Bitcoin's Edge: Embedded Sentiment in Blockchain Transactional Data
This work addresses a gap in scalable analysis of blockchain data for financial predictions in cryptocurrency markets, though it is incremental in applying existing NLP methods to a new data source.
The authors tackled the problem of analyzing hidden content in cryptocurrency blockchains to predict price movements, using NLP and ML techniques to extract sentiment from transactional data, and found that Bitcoin's embedded sentiment can predict its price movements, with an asymmetry showing Bitcoin has an advantage over Ethereum.

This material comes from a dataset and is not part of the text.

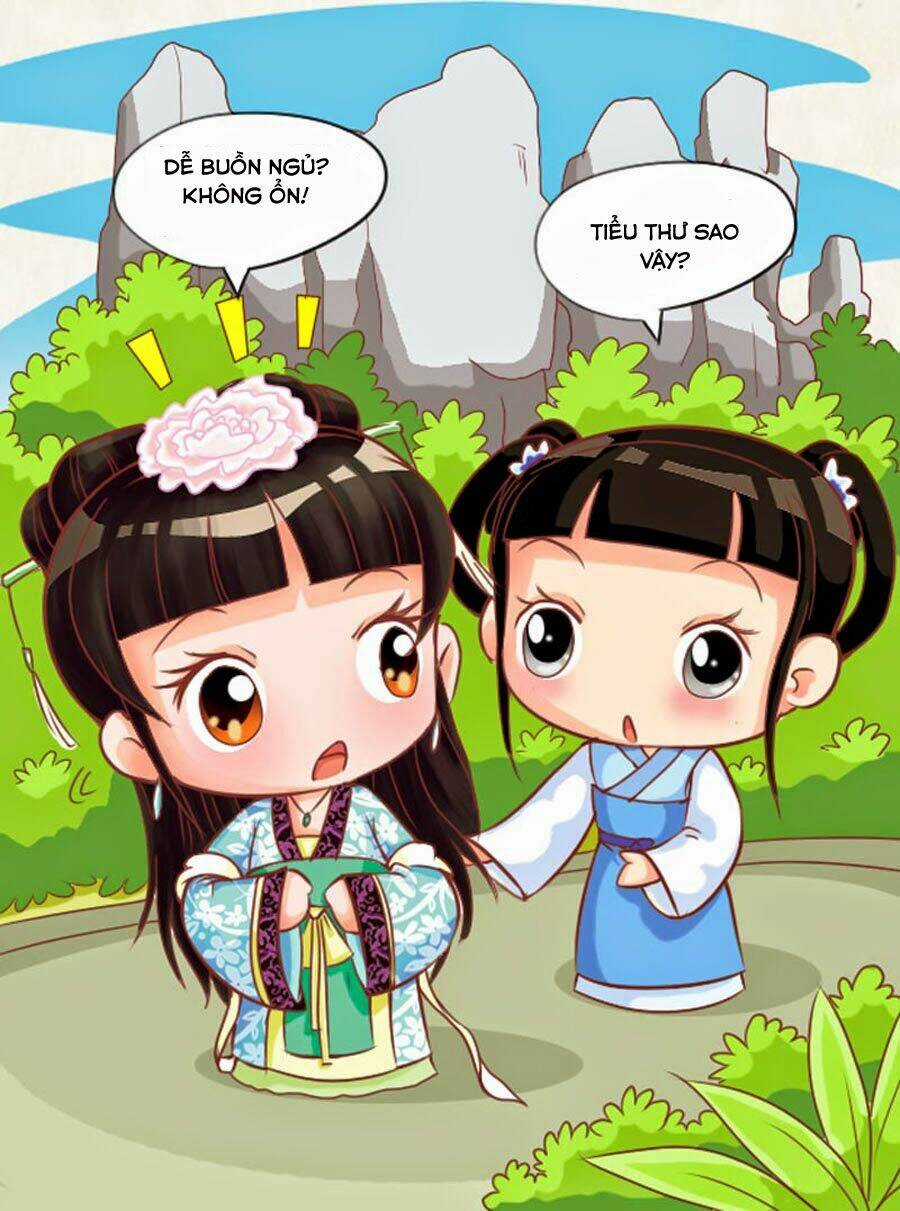 Chân Hoàn Truyện Chapter 13.2 trang 12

Cryptocurrency blockchains, beyond their primary role as distributed payment systems, are increasingly used to store and share arbitrary content, such as text messages and files. Although often non-financial, this hidden content can impact price movements by conveying private information, shaping sentiment, and influencing public opinion. However, current analyses of such data are limited in scope and scalability, primarily relying on manual classification or hand-crafted heuristics. In this work, we address these limitations by employing Natural Language Processing techniques to analyze, detect patterns, and extract public sentiment encoded within blockchain transactional data. Using a variety of Machine Learning techniques, we showcase for the first time the predictive power of blockchain-embedded sentiment in forecasting cryptocurrency price movements on the Bitcoin and Ethereum blockchains. Our findings shed light on a previously underexplored source of freely available, transparent, and immutable data and introduce blockchain sentiment analysis as a novel and robust framework for enhancing financial predictions in cryptocurrency markets. Incidentally, we discover an asymmetry between cryptocurrencies; Bitcoin has an informational advantage over Ethereum in that the sentiment embedded into transactional data is sufficient to predict its price movement.